Financial Condition, Liquidity, Capital Resources and Obligations
Our liquidity and capital resources are derived from net proceeds from the offering of our securities, debt borrowings and cash flows from operations, including investment sales and repayments, and income earned. We have used, and expect to continue to use, our debt and the proceeds from the turnover of our portfolio and from public and private offerings of securities to finance our investment objectives. We expect that we may also generate cash from any financing arrangements we may enter into in the future and any future offerings of our equity or debt securities. Financing arrangements may come in the form of borrowings from banks or issuances of senior securities, which may be secured or unsecured, through registered offerings or private placements. Our primary use of funds is to make investments in eligible portfolio companies, pay our operating expenses and make distributions to holders of our common stock.

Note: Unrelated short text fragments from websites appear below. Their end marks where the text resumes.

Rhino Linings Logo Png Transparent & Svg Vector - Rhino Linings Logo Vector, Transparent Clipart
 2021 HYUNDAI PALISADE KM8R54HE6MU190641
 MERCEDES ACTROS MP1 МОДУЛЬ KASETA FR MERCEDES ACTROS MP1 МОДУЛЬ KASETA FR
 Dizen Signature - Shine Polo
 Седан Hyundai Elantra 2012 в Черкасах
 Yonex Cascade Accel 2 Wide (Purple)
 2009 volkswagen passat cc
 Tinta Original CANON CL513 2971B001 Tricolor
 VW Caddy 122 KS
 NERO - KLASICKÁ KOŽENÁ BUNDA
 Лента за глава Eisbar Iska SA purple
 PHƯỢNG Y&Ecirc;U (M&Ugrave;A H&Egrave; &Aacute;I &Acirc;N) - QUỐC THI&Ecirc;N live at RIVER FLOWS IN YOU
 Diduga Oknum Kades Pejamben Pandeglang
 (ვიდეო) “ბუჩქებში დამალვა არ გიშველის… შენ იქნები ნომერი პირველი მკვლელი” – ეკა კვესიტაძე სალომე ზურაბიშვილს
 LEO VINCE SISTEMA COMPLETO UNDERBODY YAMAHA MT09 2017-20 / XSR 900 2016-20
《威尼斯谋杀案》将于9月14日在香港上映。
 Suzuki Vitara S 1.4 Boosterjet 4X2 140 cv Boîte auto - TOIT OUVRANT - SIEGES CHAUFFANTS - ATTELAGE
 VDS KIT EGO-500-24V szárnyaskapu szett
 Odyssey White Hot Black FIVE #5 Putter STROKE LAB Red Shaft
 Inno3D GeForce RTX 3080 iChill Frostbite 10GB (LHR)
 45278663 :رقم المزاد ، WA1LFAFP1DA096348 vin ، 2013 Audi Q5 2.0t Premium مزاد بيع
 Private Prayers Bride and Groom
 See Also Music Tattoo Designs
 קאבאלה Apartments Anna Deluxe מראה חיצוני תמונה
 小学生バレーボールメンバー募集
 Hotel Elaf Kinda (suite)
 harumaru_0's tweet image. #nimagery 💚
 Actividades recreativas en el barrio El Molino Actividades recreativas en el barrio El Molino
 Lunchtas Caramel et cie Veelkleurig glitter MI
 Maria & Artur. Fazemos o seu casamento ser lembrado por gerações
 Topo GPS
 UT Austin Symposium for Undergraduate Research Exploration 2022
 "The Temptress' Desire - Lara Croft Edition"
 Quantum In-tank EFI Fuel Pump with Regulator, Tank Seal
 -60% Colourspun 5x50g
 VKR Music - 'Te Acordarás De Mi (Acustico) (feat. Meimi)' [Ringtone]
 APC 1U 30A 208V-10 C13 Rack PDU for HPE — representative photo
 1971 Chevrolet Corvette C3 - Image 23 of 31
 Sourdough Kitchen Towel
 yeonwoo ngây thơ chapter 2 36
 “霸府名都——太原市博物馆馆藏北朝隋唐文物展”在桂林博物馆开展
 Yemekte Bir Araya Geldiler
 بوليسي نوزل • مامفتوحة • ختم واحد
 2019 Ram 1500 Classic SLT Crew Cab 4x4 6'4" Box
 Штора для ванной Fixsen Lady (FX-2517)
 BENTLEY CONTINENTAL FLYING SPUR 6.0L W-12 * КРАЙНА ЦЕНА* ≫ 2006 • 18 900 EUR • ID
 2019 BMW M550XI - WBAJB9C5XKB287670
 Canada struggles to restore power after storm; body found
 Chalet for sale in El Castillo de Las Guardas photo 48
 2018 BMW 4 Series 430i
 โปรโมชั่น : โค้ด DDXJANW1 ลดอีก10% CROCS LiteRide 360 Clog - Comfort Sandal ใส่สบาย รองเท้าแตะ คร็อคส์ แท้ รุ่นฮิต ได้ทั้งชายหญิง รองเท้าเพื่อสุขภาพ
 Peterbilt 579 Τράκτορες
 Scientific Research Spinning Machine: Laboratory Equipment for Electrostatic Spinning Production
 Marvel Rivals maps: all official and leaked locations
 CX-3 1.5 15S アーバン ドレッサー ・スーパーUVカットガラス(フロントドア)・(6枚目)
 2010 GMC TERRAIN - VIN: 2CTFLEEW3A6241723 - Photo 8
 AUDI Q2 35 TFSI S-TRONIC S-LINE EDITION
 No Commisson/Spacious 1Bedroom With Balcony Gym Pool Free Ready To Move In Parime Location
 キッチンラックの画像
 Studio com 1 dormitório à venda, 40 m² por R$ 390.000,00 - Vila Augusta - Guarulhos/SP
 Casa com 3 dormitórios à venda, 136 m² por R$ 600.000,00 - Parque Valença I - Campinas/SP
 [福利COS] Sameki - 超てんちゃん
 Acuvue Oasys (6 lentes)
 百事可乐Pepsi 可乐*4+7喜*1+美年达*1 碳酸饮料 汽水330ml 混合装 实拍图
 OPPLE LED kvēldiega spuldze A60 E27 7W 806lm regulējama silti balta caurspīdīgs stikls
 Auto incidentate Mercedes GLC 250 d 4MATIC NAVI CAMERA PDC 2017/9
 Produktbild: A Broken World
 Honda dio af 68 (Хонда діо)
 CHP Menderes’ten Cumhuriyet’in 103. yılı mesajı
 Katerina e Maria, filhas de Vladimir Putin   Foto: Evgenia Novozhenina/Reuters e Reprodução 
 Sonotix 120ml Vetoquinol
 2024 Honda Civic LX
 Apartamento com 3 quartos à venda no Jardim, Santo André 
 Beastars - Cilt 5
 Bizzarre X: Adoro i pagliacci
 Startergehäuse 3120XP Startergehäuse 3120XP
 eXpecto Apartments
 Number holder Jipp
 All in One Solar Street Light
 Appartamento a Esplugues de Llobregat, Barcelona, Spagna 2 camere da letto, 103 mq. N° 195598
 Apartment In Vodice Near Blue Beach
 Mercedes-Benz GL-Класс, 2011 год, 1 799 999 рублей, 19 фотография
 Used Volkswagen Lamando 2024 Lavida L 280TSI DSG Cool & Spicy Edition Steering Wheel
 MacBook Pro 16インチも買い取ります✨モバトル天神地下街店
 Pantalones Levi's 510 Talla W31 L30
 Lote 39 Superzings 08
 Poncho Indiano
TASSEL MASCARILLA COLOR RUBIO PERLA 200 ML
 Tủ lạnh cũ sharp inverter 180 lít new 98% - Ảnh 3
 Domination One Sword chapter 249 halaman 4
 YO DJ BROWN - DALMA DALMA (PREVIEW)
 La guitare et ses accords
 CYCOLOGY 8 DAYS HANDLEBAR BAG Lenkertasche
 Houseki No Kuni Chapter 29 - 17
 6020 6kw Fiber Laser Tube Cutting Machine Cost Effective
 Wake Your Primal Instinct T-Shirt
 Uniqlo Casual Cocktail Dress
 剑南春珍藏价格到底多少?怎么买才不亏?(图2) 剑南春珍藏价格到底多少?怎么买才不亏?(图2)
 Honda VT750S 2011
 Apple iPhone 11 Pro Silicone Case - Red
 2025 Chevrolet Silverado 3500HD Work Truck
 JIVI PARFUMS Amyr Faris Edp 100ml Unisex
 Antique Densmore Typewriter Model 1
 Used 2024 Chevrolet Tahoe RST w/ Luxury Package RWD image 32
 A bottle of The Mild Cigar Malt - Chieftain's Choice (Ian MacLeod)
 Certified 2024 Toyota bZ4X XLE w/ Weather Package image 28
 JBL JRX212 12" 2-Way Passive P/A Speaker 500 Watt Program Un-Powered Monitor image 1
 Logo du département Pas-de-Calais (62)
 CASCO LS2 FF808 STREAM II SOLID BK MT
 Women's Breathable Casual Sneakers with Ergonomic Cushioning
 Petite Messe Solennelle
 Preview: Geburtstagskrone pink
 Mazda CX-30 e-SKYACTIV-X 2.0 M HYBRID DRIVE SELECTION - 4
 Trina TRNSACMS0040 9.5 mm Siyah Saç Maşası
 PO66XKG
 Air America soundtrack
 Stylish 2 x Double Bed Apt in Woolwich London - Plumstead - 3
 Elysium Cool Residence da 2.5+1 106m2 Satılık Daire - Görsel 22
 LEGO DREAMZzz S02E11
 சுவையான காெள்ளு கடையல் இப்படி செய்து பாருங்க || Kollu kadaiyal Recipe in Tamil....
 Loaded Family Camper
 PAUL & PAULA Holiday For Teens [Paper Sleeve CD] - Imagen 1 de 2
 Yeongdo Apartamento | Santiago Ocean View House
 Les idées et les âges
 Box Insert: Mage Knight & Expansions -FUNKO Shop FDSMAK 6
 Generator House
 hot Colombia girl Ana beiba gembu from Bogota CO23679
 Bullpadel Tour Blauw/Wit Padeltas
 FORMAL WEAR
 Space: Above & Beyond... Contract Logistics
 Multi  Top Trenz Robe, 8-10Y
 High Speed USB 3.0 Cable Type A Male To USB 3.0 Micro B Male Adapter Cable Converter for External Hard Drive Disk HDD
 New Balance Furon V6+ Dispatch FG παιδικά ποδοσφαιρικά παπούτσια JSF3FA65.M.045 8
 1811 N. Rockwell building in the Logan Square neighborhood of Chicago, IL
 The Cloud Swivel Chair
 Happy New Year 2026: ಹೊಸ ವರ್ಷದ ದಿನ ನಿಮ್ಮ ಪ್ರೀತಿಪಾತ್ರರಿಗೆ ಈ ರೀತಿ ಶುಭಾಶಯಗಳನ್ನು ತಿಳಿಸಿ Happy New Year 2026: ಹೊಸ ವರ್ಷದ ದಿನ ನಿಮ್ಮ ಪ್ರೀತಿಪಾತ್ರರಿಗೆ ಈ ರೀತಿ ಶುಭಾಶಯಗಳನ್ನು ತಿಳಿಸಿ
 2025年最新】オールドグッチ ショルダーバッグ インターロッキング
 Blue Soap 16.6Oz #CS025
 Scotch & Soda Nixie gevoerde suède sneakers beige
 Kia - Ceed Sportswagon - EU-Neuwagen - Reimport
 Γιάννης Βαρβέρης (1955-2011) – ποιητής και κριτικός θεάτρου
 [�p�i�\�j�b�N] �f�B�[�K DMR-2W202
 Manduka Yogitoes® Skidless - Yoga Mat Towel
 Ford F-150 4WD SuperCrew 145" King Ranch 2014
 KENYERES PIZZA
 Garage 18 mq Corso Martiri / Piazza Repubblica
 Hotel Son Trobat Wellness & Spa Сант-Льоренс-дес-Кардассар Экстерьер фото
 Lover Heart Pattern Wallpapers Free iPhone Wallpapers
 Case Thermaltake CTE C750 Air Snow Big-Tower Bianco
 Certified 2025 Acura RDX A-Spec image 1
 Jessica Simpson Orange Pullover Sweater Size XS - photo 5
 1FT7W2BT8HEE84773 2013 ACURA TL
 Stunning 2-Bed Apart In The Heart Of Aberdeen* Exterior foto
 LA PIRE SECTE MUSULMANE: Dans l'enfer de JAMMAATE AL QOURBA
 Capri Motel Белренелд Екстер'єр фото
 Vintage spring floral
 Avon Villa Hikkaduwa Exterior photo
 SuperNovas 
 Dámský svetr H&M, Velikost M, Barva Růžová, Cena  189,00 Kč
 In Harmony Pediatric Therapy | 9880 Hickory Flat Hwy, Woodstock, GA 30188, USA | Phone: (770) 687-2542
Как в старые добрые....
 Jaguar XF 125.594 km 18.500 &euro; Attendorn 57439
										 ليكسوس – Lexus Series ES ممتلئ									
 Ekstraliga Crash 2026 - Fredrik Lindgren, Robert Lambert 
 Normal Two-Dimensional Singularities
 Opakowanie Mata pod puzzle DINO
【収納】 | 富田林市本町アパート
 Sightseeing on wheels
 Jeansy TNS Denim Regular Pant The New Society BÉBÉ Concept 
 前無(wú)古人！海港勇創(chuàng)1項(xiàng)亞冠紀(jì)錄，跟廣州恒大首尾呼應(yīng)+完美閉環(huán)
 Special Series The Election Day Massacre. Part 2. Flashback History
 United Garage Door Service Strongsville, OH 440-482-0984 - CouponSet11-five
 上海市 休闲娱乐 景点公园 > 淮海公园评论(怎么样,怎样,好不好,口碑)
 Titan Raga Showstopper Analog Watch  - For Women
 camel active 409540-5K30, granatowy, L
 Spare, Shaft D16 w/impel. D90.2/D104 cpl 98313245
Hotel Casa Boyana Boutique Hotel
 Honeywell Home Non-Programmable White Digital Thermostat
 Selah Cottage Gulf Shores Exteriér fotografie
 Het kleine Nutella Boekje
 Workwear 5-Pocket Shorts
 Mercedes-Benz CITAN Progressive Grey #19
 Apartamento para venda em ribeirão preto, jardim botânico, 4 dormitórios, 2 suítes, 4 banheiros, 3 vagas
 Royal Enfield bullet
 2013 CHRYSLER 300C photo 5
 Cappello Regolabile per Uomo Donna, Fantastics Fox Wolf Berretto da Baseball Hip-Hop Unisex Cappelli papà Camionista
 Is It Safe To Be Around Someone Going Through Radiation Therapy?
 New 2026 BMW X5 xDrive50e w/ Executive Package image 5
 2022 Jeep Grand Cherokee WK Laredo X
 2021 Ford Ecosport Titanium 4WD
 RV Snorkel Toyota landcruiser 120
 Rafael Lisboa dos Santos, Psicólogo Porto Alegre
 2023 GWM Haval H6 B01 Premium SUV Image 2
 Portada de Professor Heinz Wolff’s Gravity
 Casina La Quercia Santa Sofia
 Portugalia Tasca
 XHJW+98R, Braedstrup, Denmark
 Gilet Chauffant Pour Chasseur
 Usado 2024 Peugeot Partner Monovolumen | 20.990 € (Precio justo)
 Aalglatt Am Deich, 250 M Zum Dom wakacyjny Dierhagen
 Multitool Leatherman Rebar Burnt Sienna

During the year ended December 31, 2025, we principally funded our operations from (i) cash receipts from interest, dividend, and fee income from our investment portfolio, (ii) cash proceeds from the realization of portfolio investments through the repayments of debt investments and the sale of debt and equity investments, (iii) net borrowings under our Credit Facility and (iv) net proceeds from our April 2028 Notes which replaced our December 2026 Notes and our August 2027 Notes.
During the year ended December 31, 2024, we principally funded our operations from (i) cash receipts from interest, dividend, and fee income from our investment portfolio, (ii) cash proceeds from the realization of portfolio investments through the repayments of debt investments and the sale of debt and equity investments, and (iii) net borrowings under our Credit Facility.
During the year ended December 31, 2023, we principally funded our operations from (i) cash receipts from interest, dividend, and fee income from our investment portfolio, (ii) cash proceeds from the realization of portfolio investments through the repayments of debt investments and the sale of debt and equity investments and (iii) proceeds from our 2026 Notes.
During the year ended December 31, 2025, our operating activities provided $186.3 million of cash and cash equivalents, compared to $69.8 million in cash and cash equivalents provided operating activities during the year ended December 31, 2024. The $116.6 million increase in cash and cash equivalents provided by operating activities from December 31, 2024 to December 31, 2025 was primarily due to a $103.8 million decrease in purchases of investments and a $25.4 million increase in sales and repayments of investments and U.S. Treasury Bills.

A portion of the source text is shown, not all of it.